# Workshop on Geometry Software

Math 241
Spring 2015
Professor: Mike O'Sullivan

### Week 3: Algebra and Geometry

First Day:

We started by graphing lines. We reviewed slope-intercept, and point-slope, equations for a line. We also looked at the standard form, a*x+b*y=c, and parametric equations for a line. Here is an example of a parameteric equation X= (2,3) + t*(-1,5). This line goes through the point (2,3) and has direction vector (-1,5) so its slope is -5. We also explored what happens when you look at a family of lines, say y=m*x+5 as m varies.

We graphed parabolas using the standard form y=m*x^2+b*x+c and the form y= m*(x-p)^2+q . In both cases m indicates the steepness of the parabola (larger m is steeper). As with lines, we experimented with families like 2*x^2+b*x+5 as b varies, or y= m*(x-2)^2+3 as m varies.

We also worked with linear and quadratic functions. If f and g are functions you can multiply them, add them, compose them, take derivatives, in a very natural way.

Assignment:
1. Create sliders for m, p, q . Write a function whose graph has vertex (p,q) and steepness coefficient m.

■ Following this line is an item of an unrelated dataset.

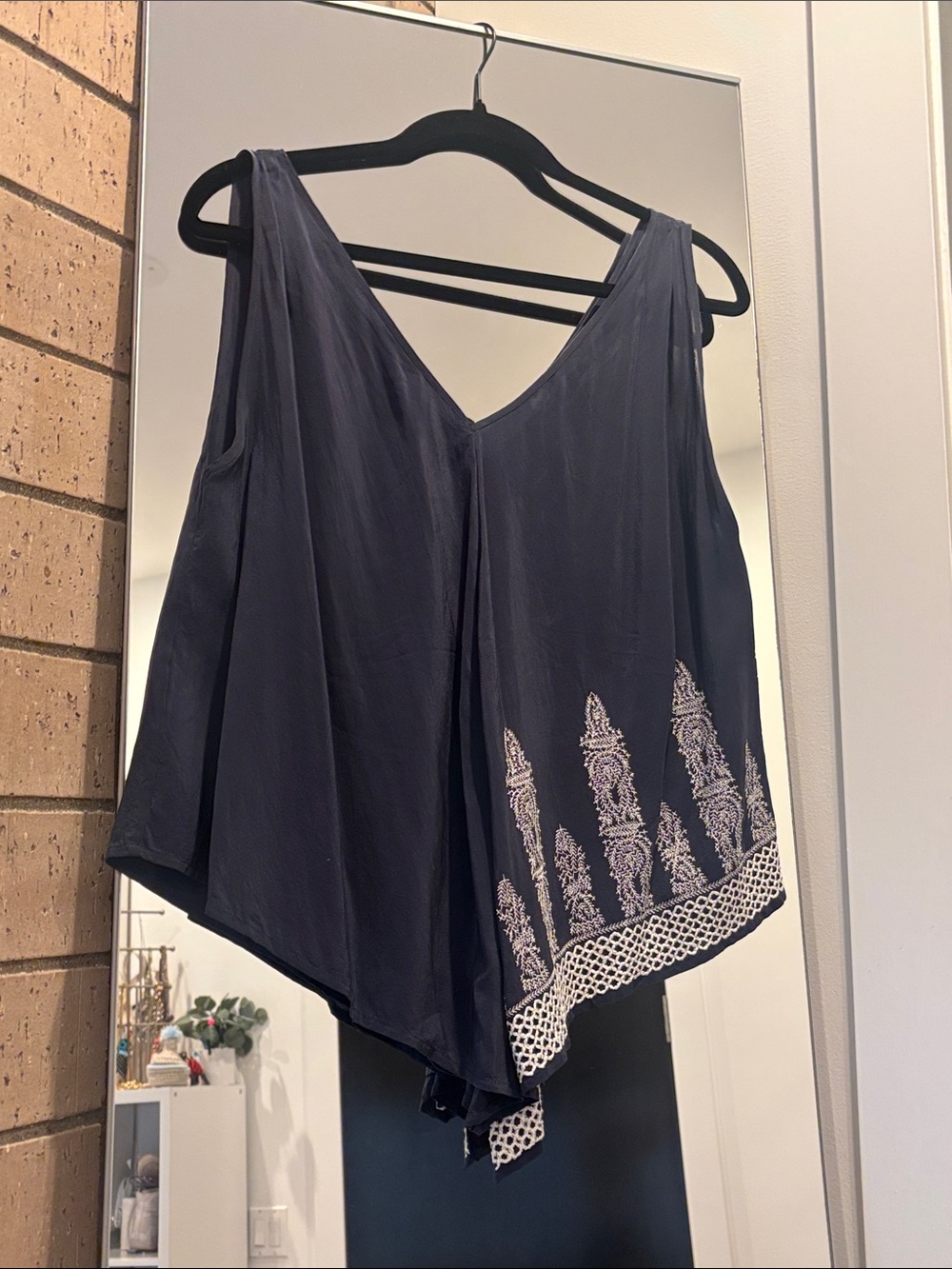 Club Monaco Navy Silk V-Neck Embroidered Camisole - S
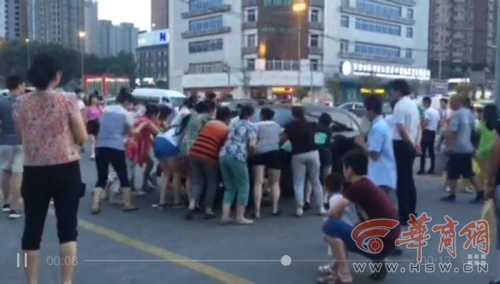 為跳廣場(chǎng)舞大媽推走三輛汽車(chē)騰地方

Construct the point D on this parabola with x-coordinate 2. Using the derivative of your function, find the equation of the tangent line to the parabola at D. Vary each of the parameters p, q, m by itself and describe the behavior of the intersection point and tangent line in each case.

Second Day:

We talked about the intersection of a line with a parabola and observed that there may be 0 1 or 2 points in the intersection. There is 1 point in the intersection if the line is tangent. Algebraically, this corresponds to getting a root of multiplicity two when you substitute the equation for the line into the equation for the parabola. Having 0 points in the intersection corresponds to the substitution giving complex roots. We constructed the intersection points of the line and parabola and animated the slope of the line. This shows how the intersection points move as the slope changes.

We then looked at the intersection of a fixed line with a family of curves y^2=x^3+a*x. Animating a we see how the intersection changes as the cubic curve changes.

Finally, we worked on illustrating a standard precalculus problem: Inscribe a rectangle in a semicircle and investigate the area as the rectangle varies.

Assignment:
1. Create a worksheet for the intersection of y=x+1 with the family of curves y^2=x^3+a*x. Animate a and describe what happens to the intersection points as a varies. What is happening algebraically when you try to solve the equations to find the intersection points?
2. Finish the worksheet on the rectangle in semicircle. Animate the rectangle and show the area of the rectangle as you vary it. Describe the construction and the lessons learned from it for your students.